Uniknya, di tempat terasing itu pula, dalam kesendiriannya, dengan kejernihan fitrahnya, Nabi Ibrahim yang masih kecil mampu menemukan Tuhannya melalui pengembaraan batin. Sebagaimana tertera pada surat Al-An'am ayat 76-78, yang artinya:
76. Ketika malam telah menjadi gelap, dia (Ibrahim) melihat sebuah bintang (lalu) dia berkata, “Inilah Tuhanku.” Maka ketika bintang itu terbenam dia berkata, “Aku tidak suka kepada yang terbenam.”
77. Lalu ketika dia melihat bulan terbit dia berkata, “Inilah Tuhanku.” Tetapi ketika bulan itu terbenam dia berkata, “Sungguh, jika Tuhanku tidak memberi petunjuk kepadaku, pastilah aku termasuk orang-orang yang sesat.”
78. Kemudian ketika dia melihat matahari terbit, dia berkata, “Inilah Tuhanku, ini lebih besar.” Tetapi ketika matahari terbenam, dia berkata, “Wahai kaumku!
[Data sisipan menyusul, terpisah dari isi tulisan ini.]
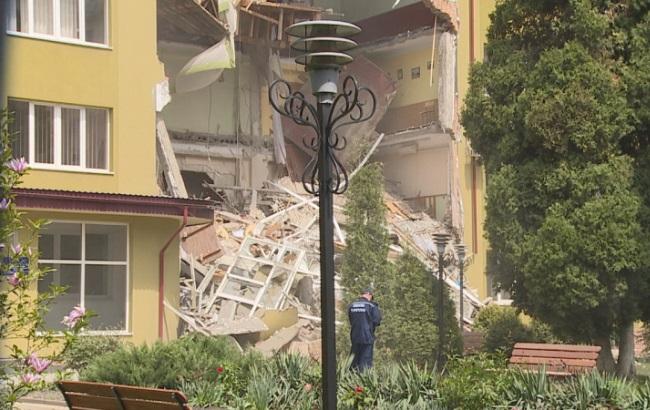 Появилось видео обвала здания колледжа в Ивано-Франковской области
Sungguh, aku berlepas diri dari apa yang kamu persekutukan.”
Semula, Nabi Ibrahim kecil menyangka bintang, bulan dan matahari adalah Tuhan. Namun, akal sehatnya memahami benda-benda itu bukanlah Tuhan sejati karena tidak terus berjaya, mereka juga mengalami masa-masa tenggelam.
Sehingga Nabi Ibrahim kecil sampai pada pemahaman adanya suatu kekuatan besar yang paling menguasai alam semesta, yang menguasai bintang, bulan dan matahari itu, yaitu Allah Swt.
Bey Arifin dalam bukunya Rangkaian Cerita Dalam Al-Qur’an menerangkan, akhirnya setelah ia agak besar, akalnya yang murni, fitrahnya yang suci, yang tak dikotori dan dipengaruhi oleh siapa dan apa pun, tidak pernah dipengaruhi oleh berbagai kepercayaan palsu yang dipercayai oleh orang banyak, dengan semata-mata atas kekuatan akal dan pikiran sendiri yang diberikan Allah kepadanya, ia dapat meyakinkan adanya Tuhan yang menciptakan seluruh alam yang ada.
Kisah manis Nabi Ibrahim muda ini dapat diterapkan kepada anak-anak kita, keberadaan dan keteraturan yang berlangsung di alam ini merupakan bukti adanya Allah Swt. Manusia tidak mungkin mengatur peredaran bintang, bulan atau matahari, kecuali Allah Swt. semata yang dapat melakukannya.
Ketiga, mengembalikan segalanya kepada Allah Swt.
Apabila semuanya dikembalikan kepada Allah, maka mudah bagi anak meresapi hakikat adanya Tuhan yang sejati.
Semisal anak lagi mendapat masalah, contohnya lagi sakit, maka orangtua mengajaknya berdoa memohon kesembuhan kepada Allah. Kemudian, ketika telah sembuh, jangan lupa mengajak anak untuk bersyukur pada Allah.
Contohnya, anak lagi tegang mengikuti ujian atau perlombaan, ketika itu ajaklah anak untuk berdoa mohon ketenangan kepada Ilahi. Berikutnya, menang atau kalah, anak tetap mampu mensyukuri anugerah ketenangan batin dari Tuhannya.